Technischer Fortschritt wirkt sich auch auf Erbschaften aus. Bei der Abwicklung von Erbfällen tauchen immer wieder neue praktische Hürden auf. Im aktuellen Erbfall des Monats ist es eine Bankverbindung, auf die es zwei Jahre lang überhaupt keine Hinweise gab. Das Tagesgeldkonto wurde als Online-Bankkonto bei einer Direktbank online geführt. Das ist praktisch, wenn man mit seinem Computer umgehen kann und die altbekannten Berge an Kontoauszügen vermeiden möchte. Das Online-Bankkonto im Erbfall kann allerdings an den Erben vorbeigehen.
Herausforderungen beim Online-Bankkonto im Erbfall
Für Erben und Testamentsvollstrecker ist es schwierig herauszufinden, wo sie nach Bankkonten suchen sollen. Früher kamen Kontoauszüge per Post und Sparbücher lagen in der Wohnung des Erblassers. Beim Online-Bankkonto ist das anders. Da gibt es nur dann Schriftstücke, wenn der Kontoinhaber etwas ausgedruckt hat. Der Rest ist entweder nur online abrufbar, manchmal auch auf der Festplatte des Computers gespeichert. Der Erbe ist zwar im Rahmen der Gesamtrechtsnachfolge automatisch Inhaber auch der Online-Bankkonten. Praktisch nutzen kann man aber nur das, was einem bekannt ist.
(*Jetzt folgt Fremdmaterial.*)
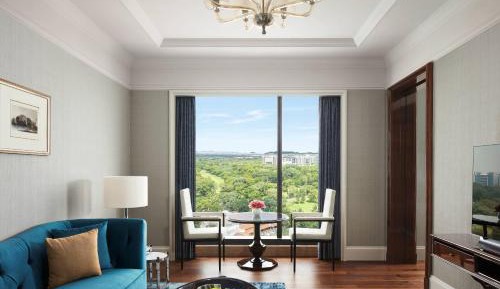 Executive Suite King Room with Club Lounge Access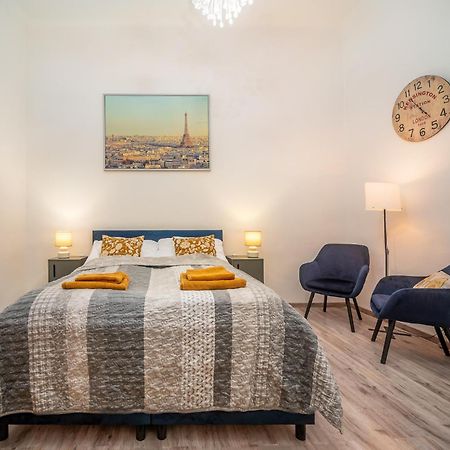 בודפשט A77 Buda Castle Apartment מראה חיצוני תמונה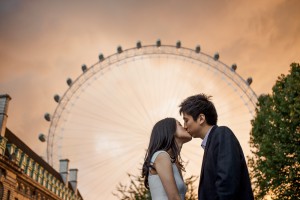 London engagement session by Marianne Taylor.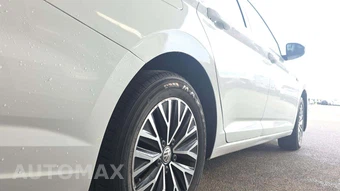 2019 Volkswagen Jetta SEL – miniatura 22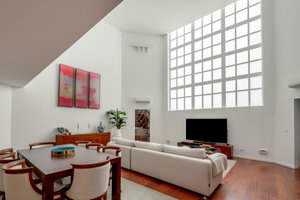 5 bedroom villa in the centre of Lisbon with jacuzzi and parking 672176511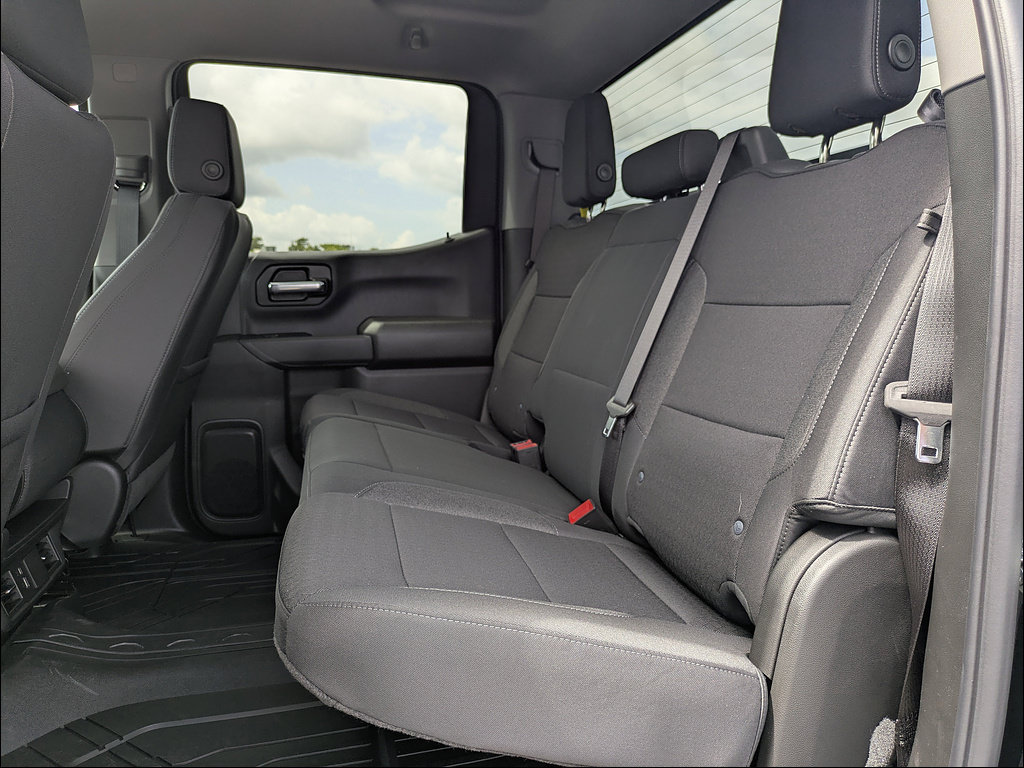 New 2026 Chevrolet Silverado 1500 Custom w/ Turbomax Blackout Package AWD/4WD image 15
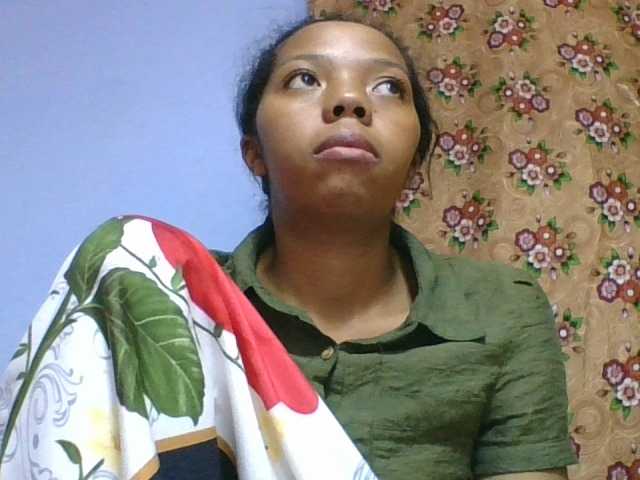 rosah1a live cam on BongaCams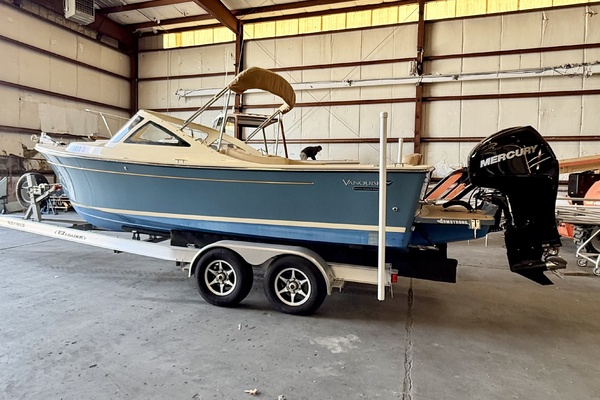 23ft Vanquish Yacht For Sale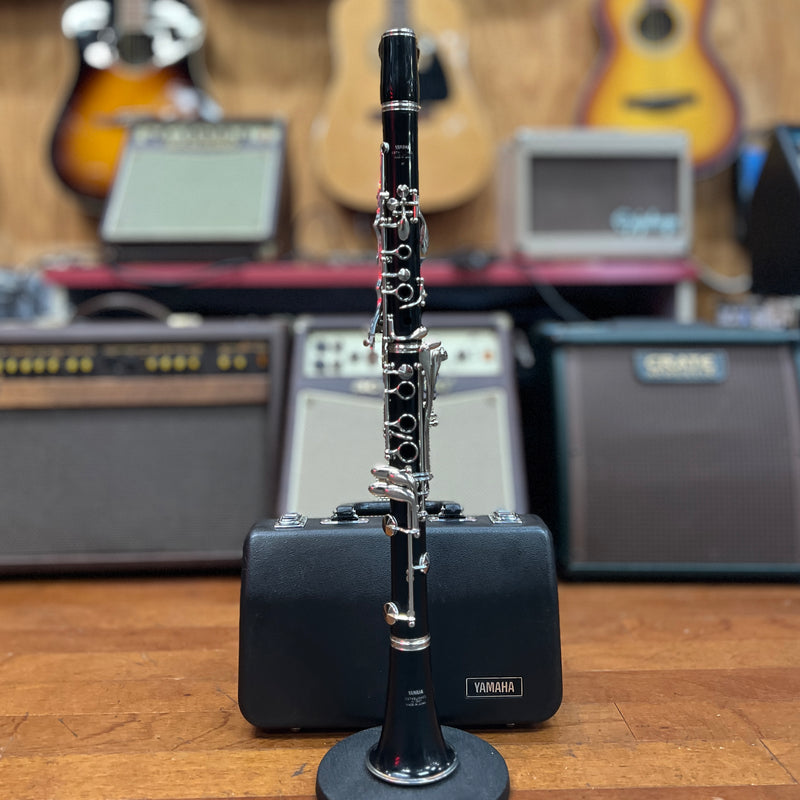 CERTIFIED USED Yamaha 20 Student Clarinet Outfit, Japan - Serial 108042A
Datenschutz und Online-Bankkonto
Wenn der Computer durch ein Paßwort geschützt ist, dann sind die Daten schwer zugänglich. Die Rechtslage verbietet es eigentlich, nach dem Tod des Eigentümers die Daten von einer paßwortgeschützten Festplatte anzuschauen. Hier gilt regelmäßig das „postmortale Persönlichkeitsrecht“ mehr als die Interessen der Erben. Auch sonst wird Datenschutz heutzutage oft als Grund genannt, warum die Erben von vielen Stelen keine Auskünfte bekommen.
Glücklicher Zufall
In unserem Fall kam durch einen glücklichen Zufall ein Brief von der Online-Bank per Post. Es war eine Information, die die Bank allen Kunden geben mußte. Damit war es naheliegend, daß es bei dieser Bank ein Konto gibt. Der Testamentsvollstrecker konnte die Bank anschreiben und darauf hinweisen, daß die Kontoinhaberin bereits vor zwei Jahren verstorben ist. Daraufhin schickte die Bank ein Formular, mit dem der Erbfall abgewickelt werden kann.
Praxis-Tip
Dieser Fall zeigt sehr deutlich, daß es im Online-Zeitalter oft vom Zufall abhängt, ob die Erben überhaupt etwas von den Vermögenswerten erfahren. Je mehr online gemacht wird, desto wichtiger wird es, zum Beispiel eine Liste mit Vermögenswerten zu machen. Diese Liste muß dann freilich später für die Erben sichtbar sein, also zum Beispiel jährlich ausgedruckt werden. Wenigstens sollte den zukünftigen Erben gesagt werden, bei welchen Banken Geld liegt, das sie später einmal erben werden. Sonst passiert es schnell, daß niemand an das Guthaben rankommt, weil man einfach nicht weiß, wo Geld angelegt oder ein Girokonto online geführt wurde. Das wiederum ist ein altes Problem, das bei Schweizer Bankkonten im Nachlaß (unser Erbfall des Monats April 2015) schon lange in vielen Erbfällen zum Verlust von Vermögenswerten führt.